* **What the task asks**: From the line containing "FYOUNG Grips for" to the end of the data, retype every line exactly and nothing else. Drop the pictures.

(Captioned web image data)
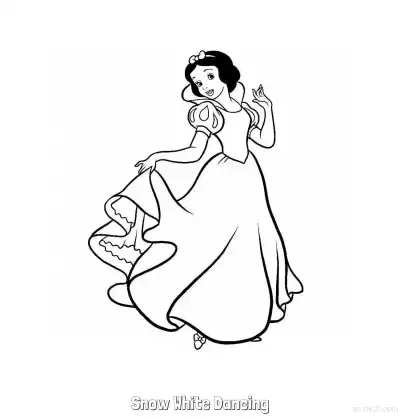 Free printable Snow White Dancing Gracefully Coloring Page coloring page
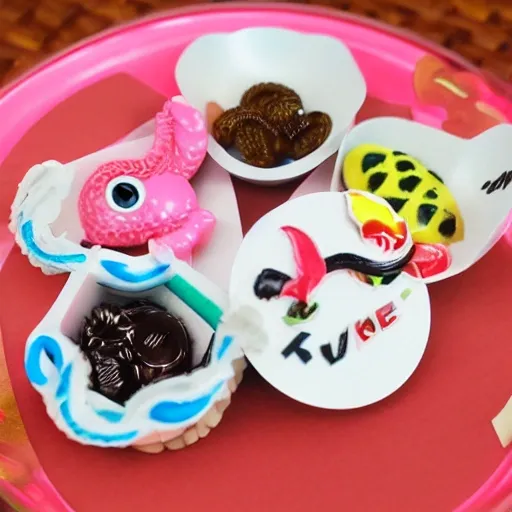 a little dragon lies on Korean sweets, 3D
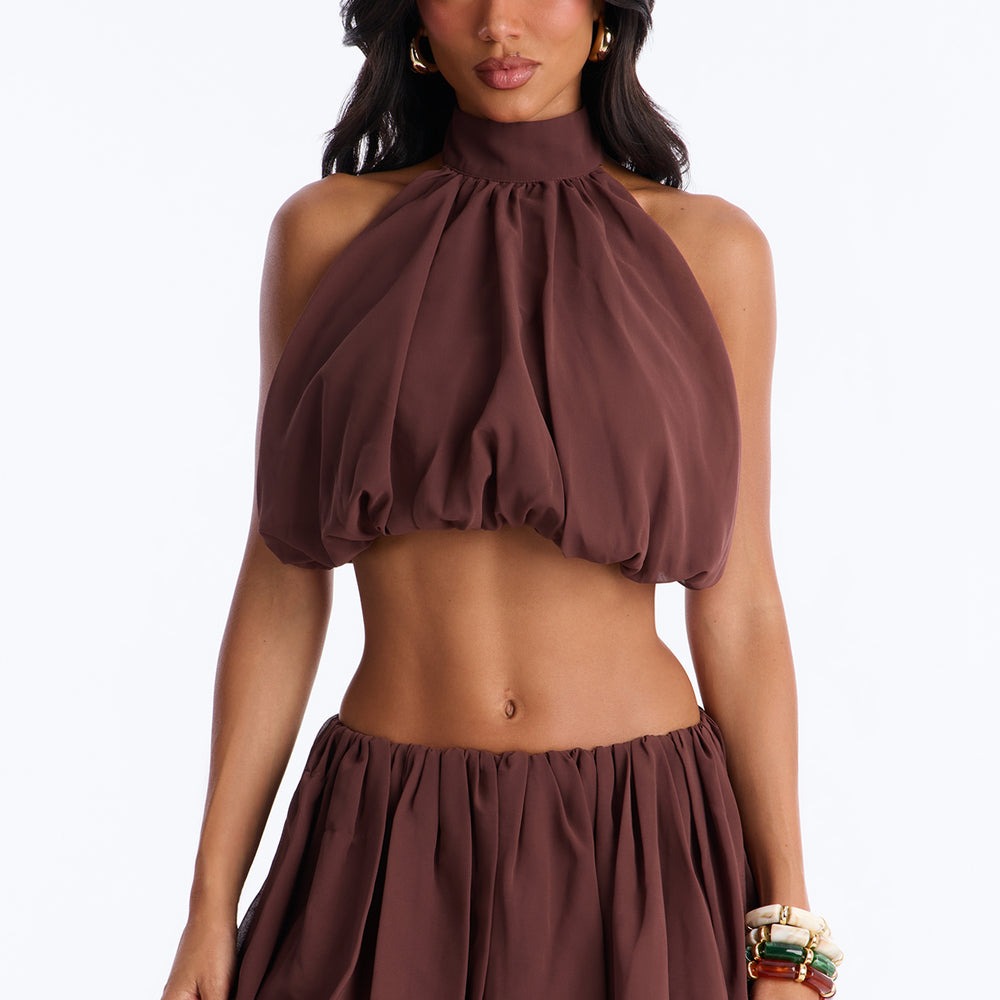 Alessia Halter Bubble Mini Skirt Set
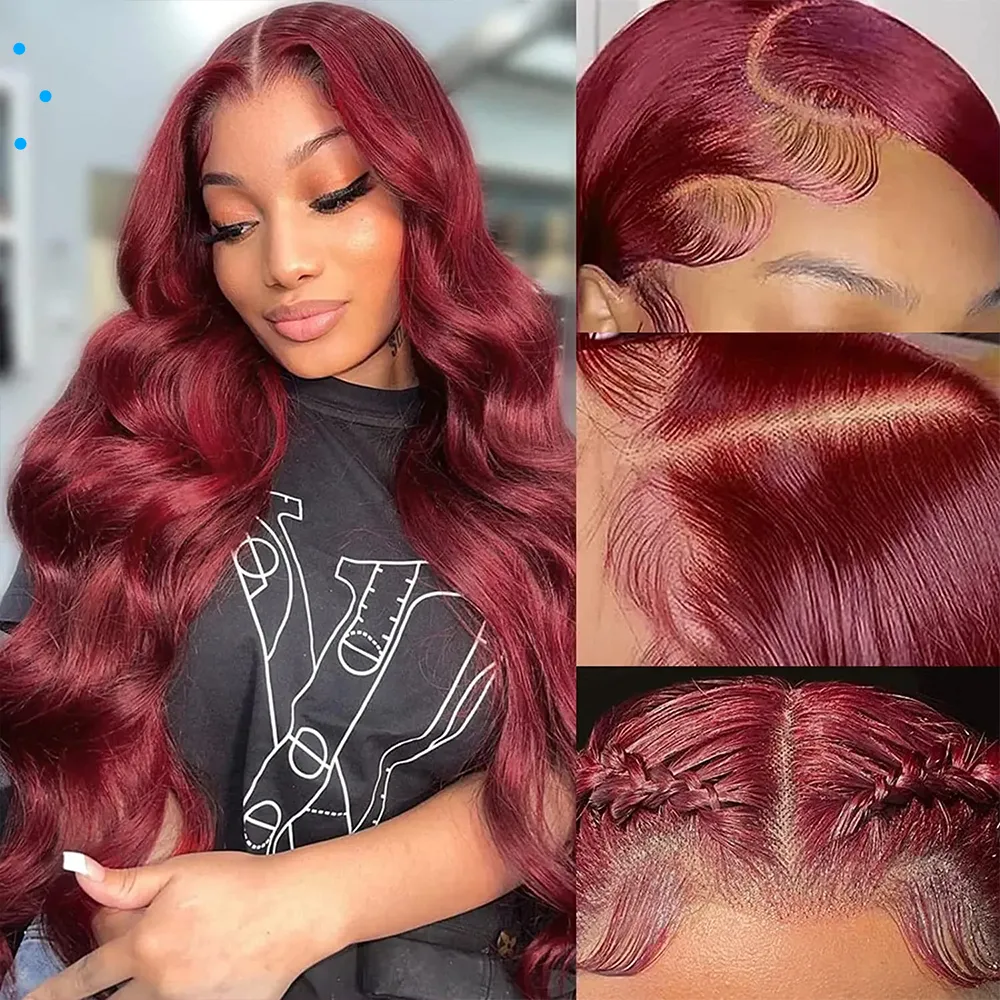 150Density 99J Burgundy Lace Front Peruk 13x4 Body Wave HD Spets Frontal Peruk Brasiliansk Röd Färgad Människohår Peruk för kvinnor Remy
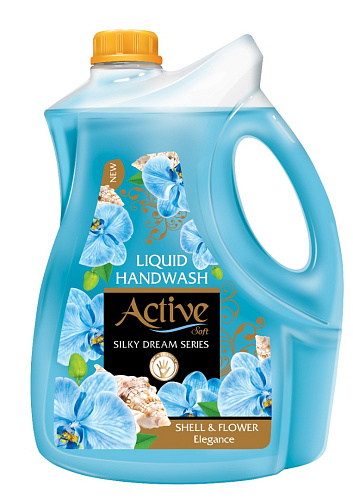 Жидкое мыло Active жемчуг парфюм Лазурный берег Blu 3.75л 4ящ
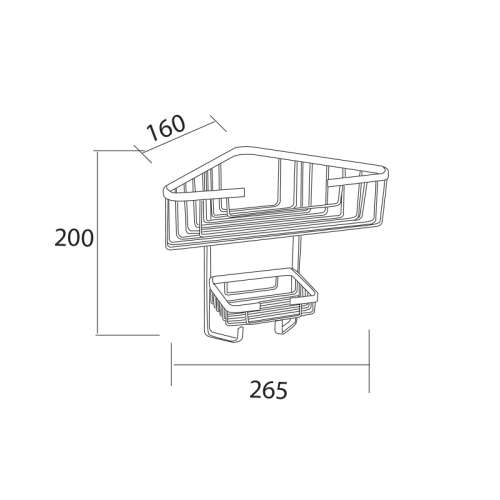 Corner Shelf 2 Tier Stainless Steel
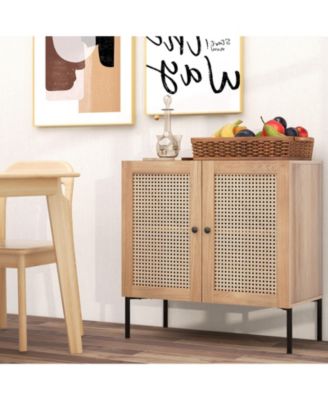Kitchen Sideboard with 2 Rattan Doors and Adjustable Shelf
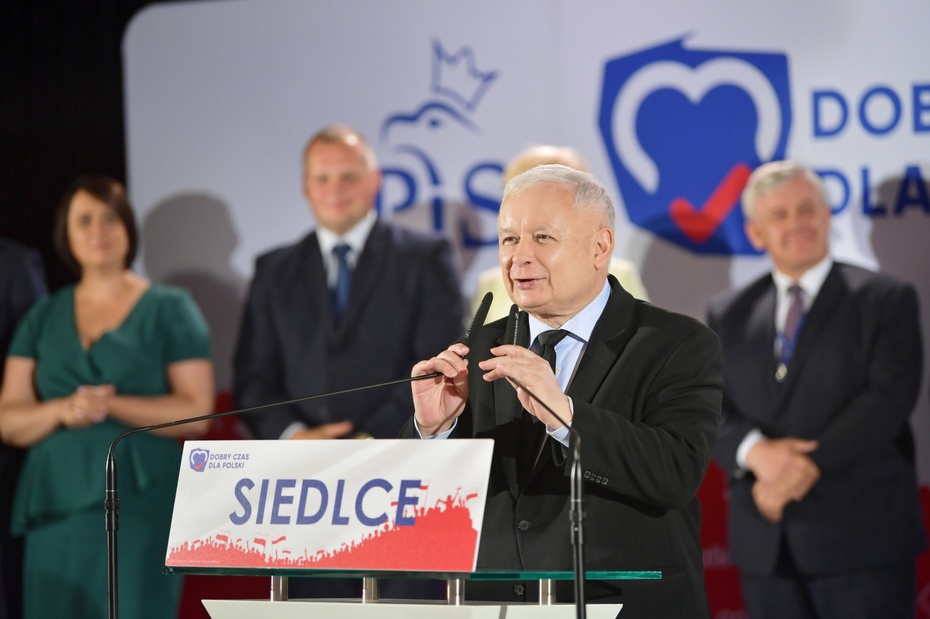 Jarosław Kaczyński zapowiedział podział województwa mazowieckiego. Fot. PAP/Przemysław Piątkowski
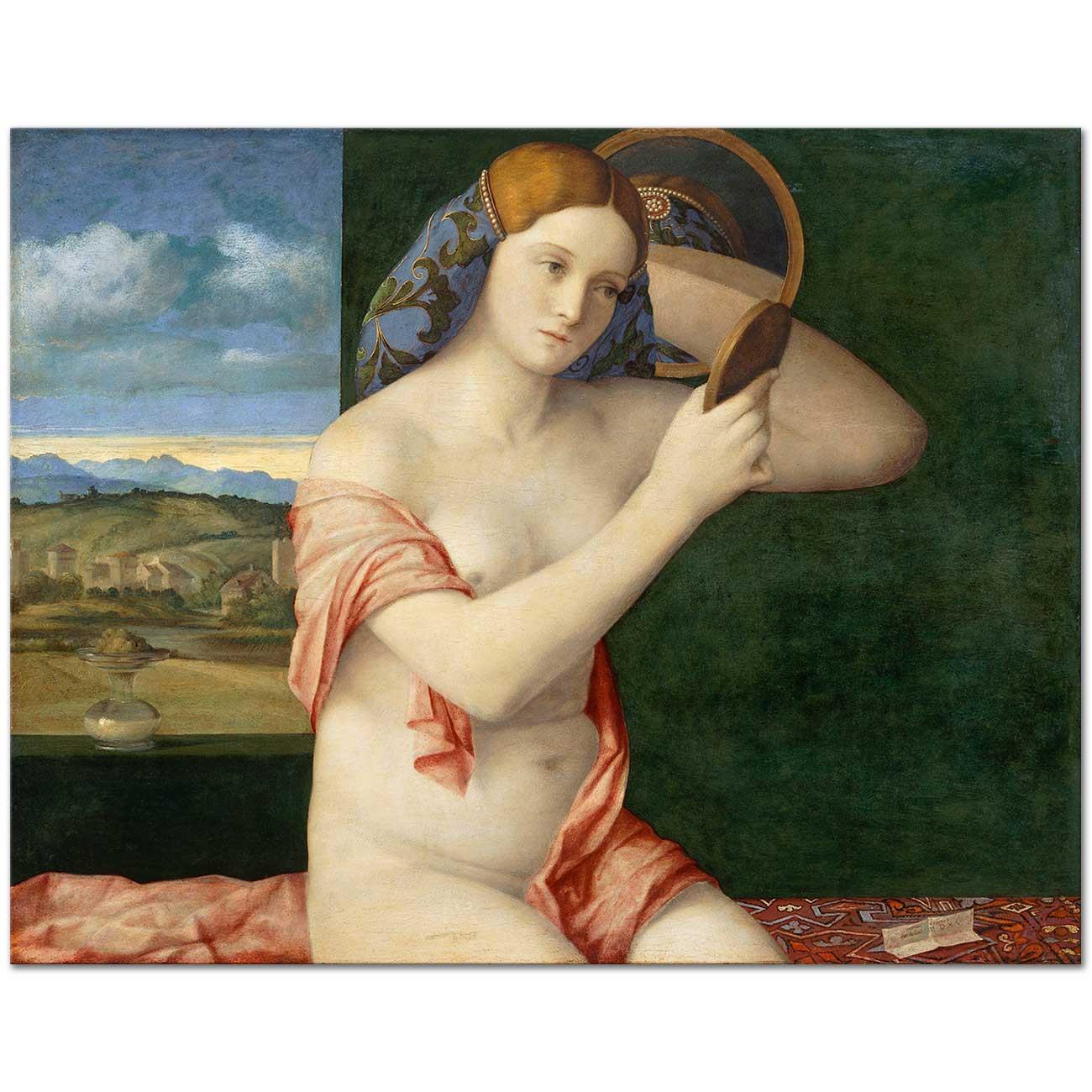 Giovanni Bellini Genç Kadın Ayna Önünde Kanvas Tablo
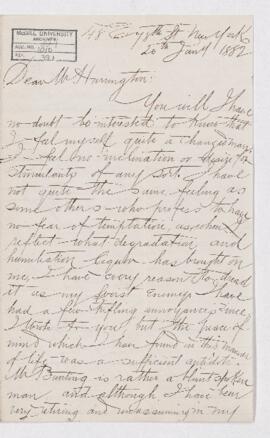 Letter from Alfred Clarke to B.J. Harrington, written from New York.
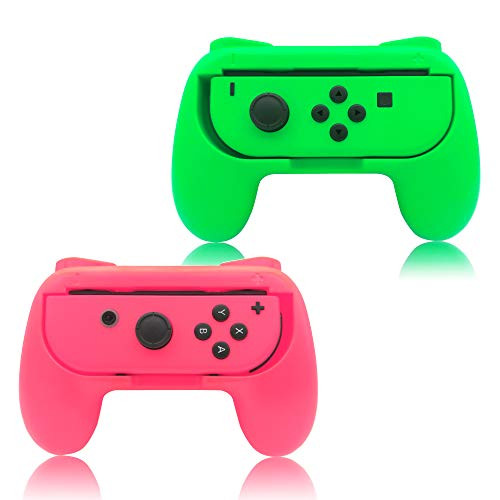 FYOUNG Grips for Nintendo Switch Joy-Con, Controllers for Nintendo Switch Joy Con - Green and Pink (2 Packs)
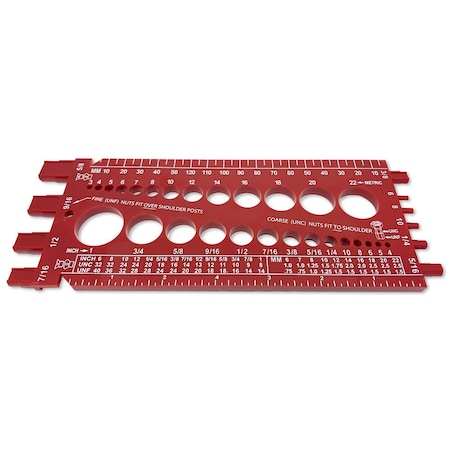 Boltsandnuts.Com Bolt Nut & Screw - Thread & Size Checker Gauge Inch & Metric Gauges-BoltNutGauge-Red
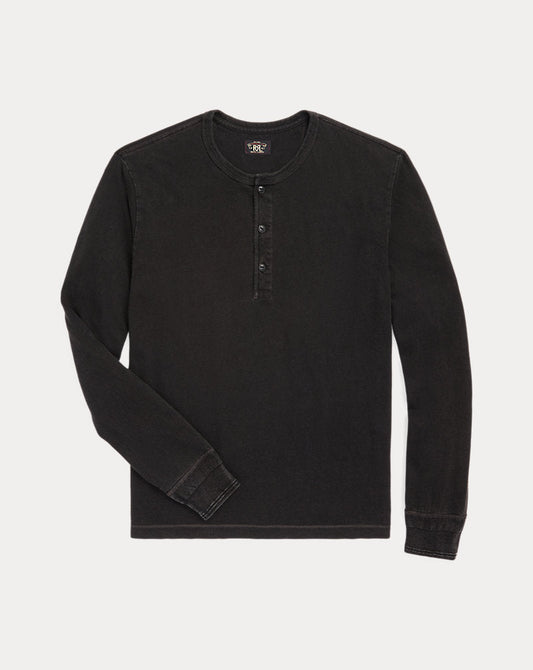 Indigo Jersey Henley Shirt Sulphur Black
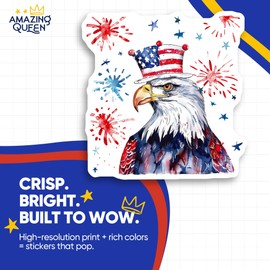 Patriotic Eagle Stickers - American Flag Hat - USA Pride Decals - 2 Pack - 5" Wide Design - Adheres to Laptops, Tumblers, and More - Made in The USA - AQS3176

* **Solved problem**:
 FYOUNG Grips for Nintendo Switch Joy-Con, Controllers for Nintendo Switch Joy Con - Green and Pink (2 Packs)
 Boltsandnuts.Com Bolt Nut & Screw - Thread & Size Checker Gauge Inch & Metric Gauges-BoltNutGauge-Red
 Indigo Jersey Henley Shirt Sulphur Black
 Patriotic Eagle Stickers - American Flag Hat - USA Pride Decals - 2 Pack - 5" Wide Design - Adheres to Laptops, Tumblers, and More - Made in The USA - AQS3176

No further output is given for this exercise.